In retrospect, he categorically denied any history of trauma in the preceding 12 months. He remained well on regular follow ups and was subsequently discharged from the clinic after one year.
It is recognised in the literature that presentation of spontaneous rupture of spleen can be deceptive and may present as pulmonary embolism.1 The other conditions that may be mimicked are perforated peptic ulcer,2 angina pectoris, myocardial infarction, ectopic pregnancy, acute appendicitis, and acute sigmoid diverticulitis.1
Acute abdomen had quite aptly been described as “a trap for the unwary”.3 Despite a careful approach, there would remain some situations where clinical features would be non-specific in nature and base line investigations would fail to provide any diagnostic information. However, a high index of suspicion and repeated clinical examinations would be helpful to assess such a situation. If the patient failed to make any satisfactory progress and the condition still remained unclear, it would be worth performing special investigations at an early stage. In this case an ultrasound scan of the abdomen would have clinched the diagnosis preoperatively. Ultrasonography of the abdomen should be the investigation of choice in similar circumstances, particularly in the absence of any associated feature of deep venous thrombosis of legs to suggest a possible source of pulmonary embolism.

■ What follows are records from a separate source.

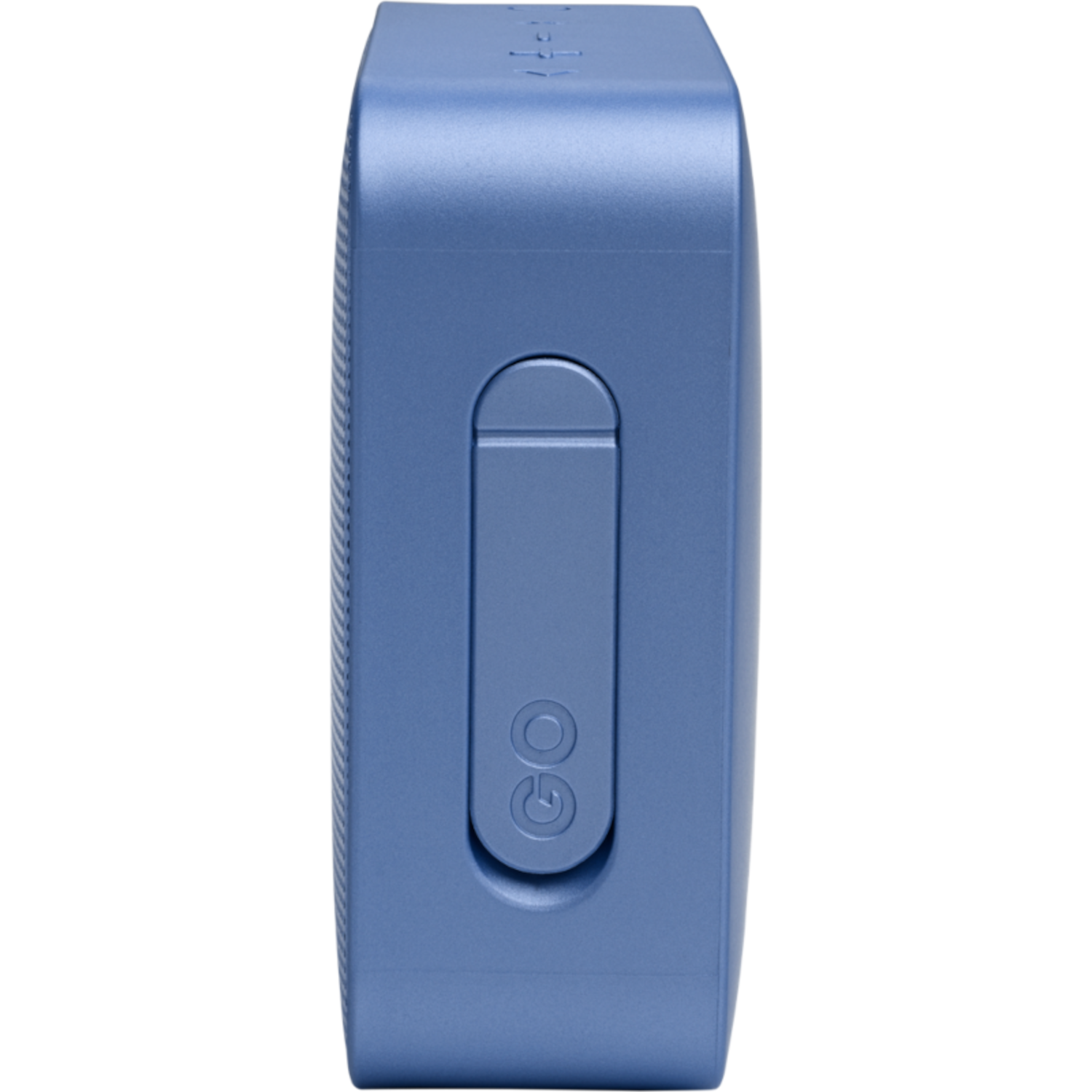 Niebieski prostokątny głośnik z przyciskiem zasilania i etykietą 'GO'.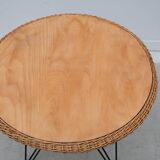 Rattan and metal coffee table, France 1950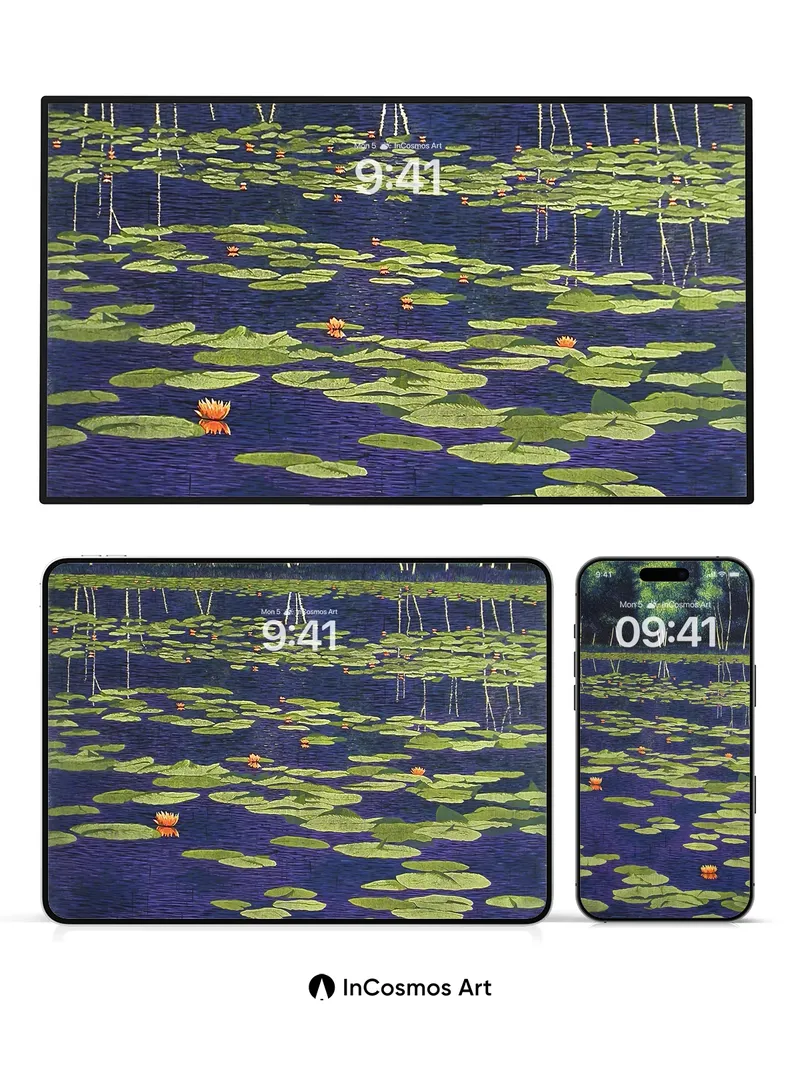 Midnight Lily Wallpaper with Reflective Forest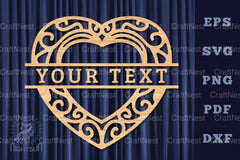 Heart Lasercut Split Monogram SVG Bundle - CraftNest - Digital Crafting and Art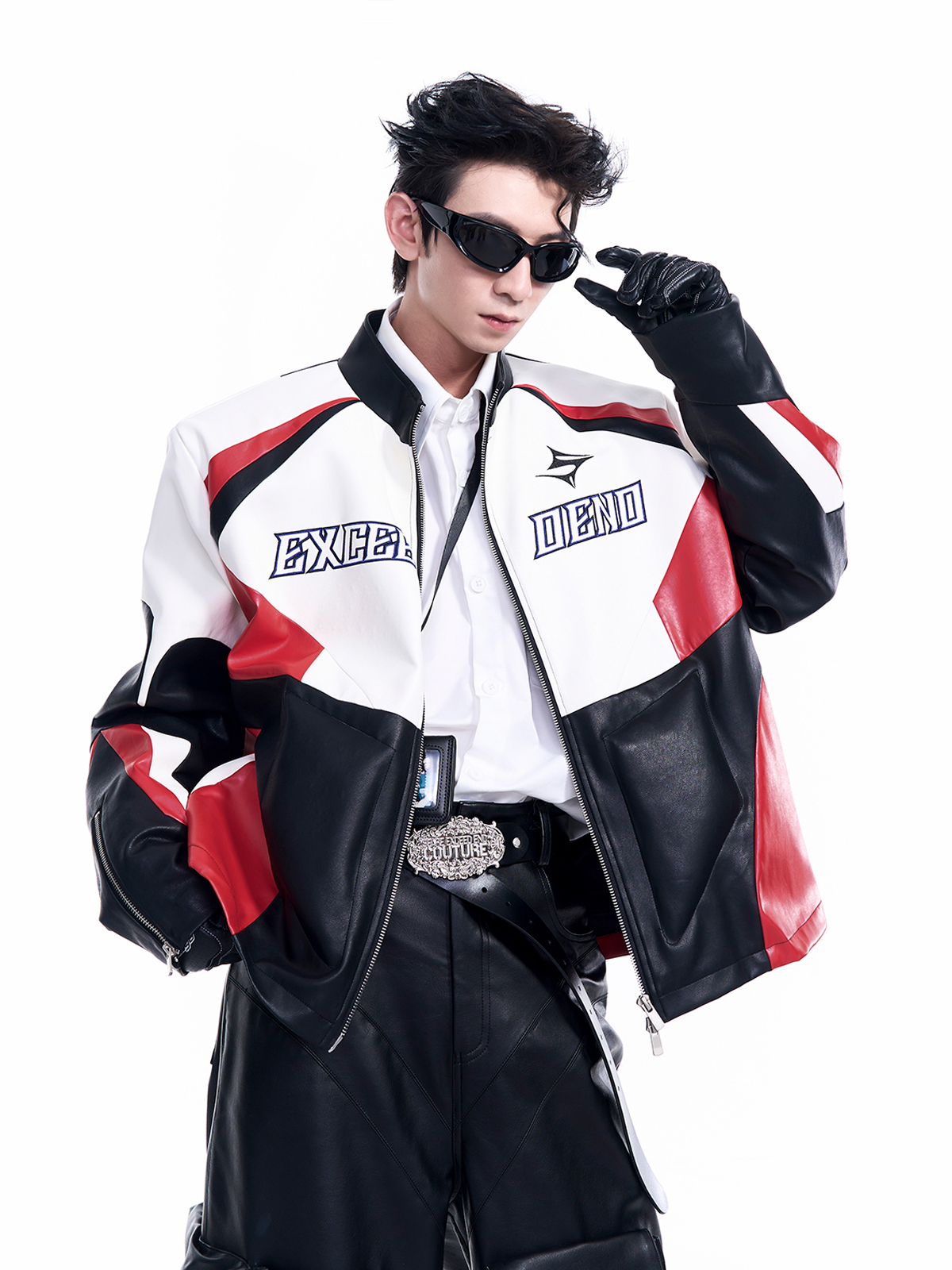 CRIMSON RED TECH-PANEL RACING JACKET-START EXCEED END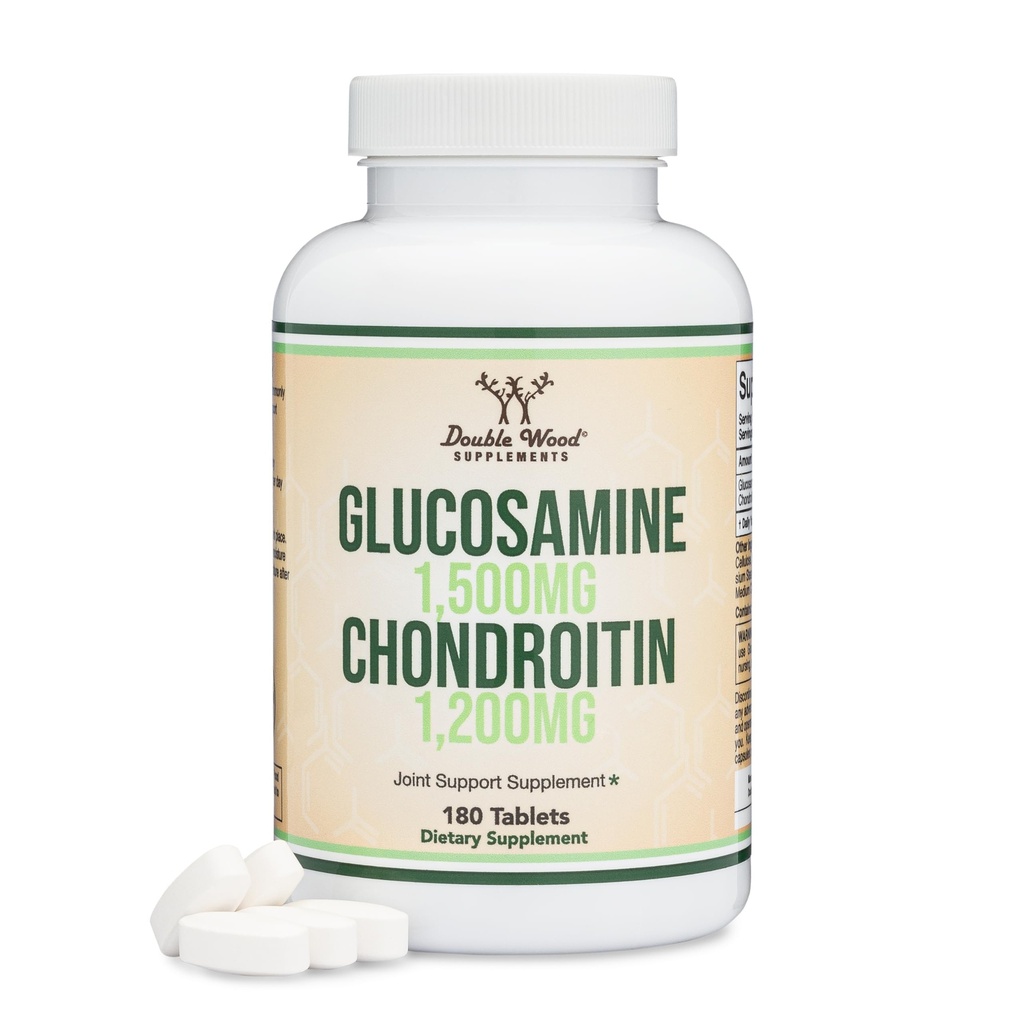 Glucosamine Chondroitin Triple Strength (1.500mg Glucosamine Sulfate, 1.200mg Chondroitin) 180 Tablets, Δίμηνη προσφορά (Συμπλήρωμα κοινής υποστήριξης) Χωρίς γλουτένη, Μη ΓΤΟ από Διπλό Ξύλο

Spontaneous rupture of spleen was first described by Atkinson4 in 1874. However, its existence had always been doubted.5 The condition can be fatal, unless diagnosed, and treated promptly.6 Absence of any history of trauma makes the diagnosis very difficult and causes delay in treatment.
Orloff and Peskin2 performed an extensive review in 1958 and specified four criteria that must be met before a rupture of spleen could be called spontaneous. The criteria are (1) no history of trauma or unusual effort; (2) no evidence of any disease that may affect the spleen adversely; (3) no evidence of peri-splenic adhesions or scarring of the spleen to suggest trauma or rupture; and (4) the spleen should be normal on macroscopical and histological examination. The present case fulfils all these criteria.
It is now well recognised in the literature that spontaneous rupture of spleen does occur, although the actual mechanism remains uncertain.6 It is suggested that greater awareness and familiarity with this uncommon condition would increase early diagnosis, resulting in prompt surgical intervention and improved survival.
The work originated at West Cumberland Hospital, Whitehaven, Cumbria, CA28 8GJ. I am grateful to Mr S M A El-Rabaa, Consultant Surgeon, West Cumberland Hospital, for his guidance and permission to report the case.